Starting at the line that contains "Mochila Auren", transcribe each line through the end of the material below, exactly and nothing else, leaving out the pictures.
+++
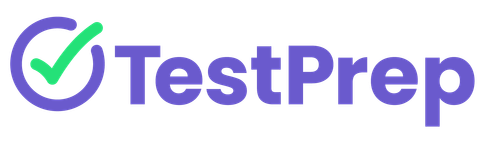 TestPrep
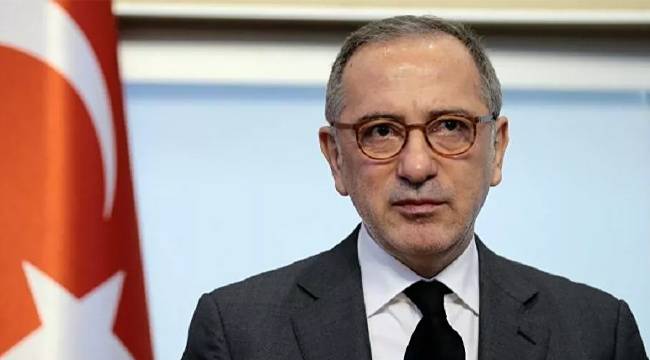 Fatih Altaylı: Hendek kalkışması sonrası Habertürk ekranları HDP’lilere kapanmış, katıldığım değil uyduğum bir karar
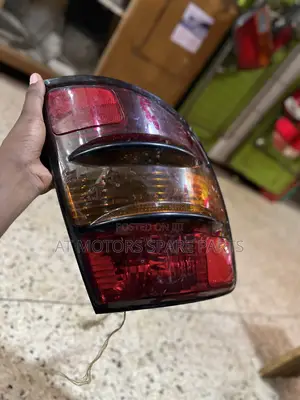 Pontiac Volts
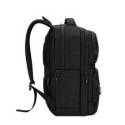 Mochila Auren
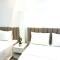 The Queen Hotel & Spa 2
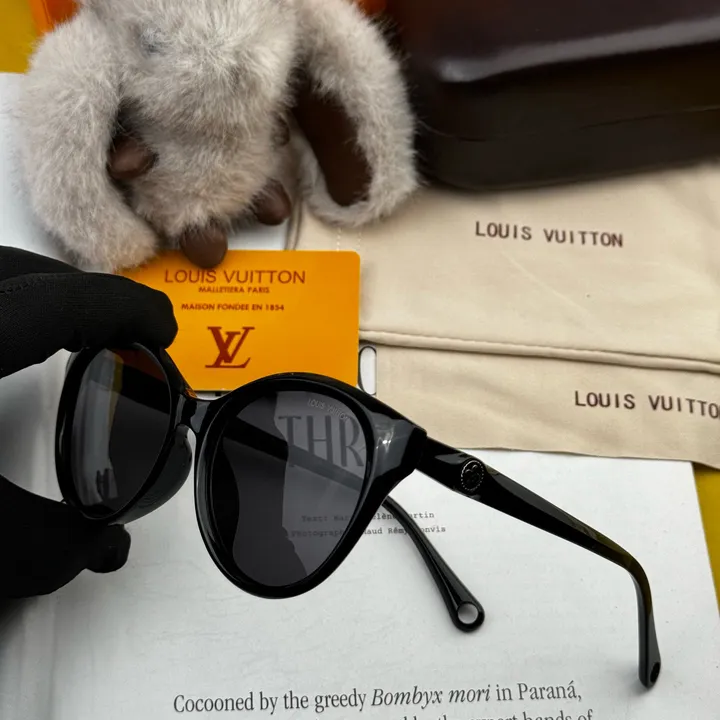 スーパーコピー ルイヴィトン サングラス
+++
→ **Response**:
 Mochila Auren
 The Queen Hotel & Spa 2
 スーパーコピー ルイヴィトン サングラス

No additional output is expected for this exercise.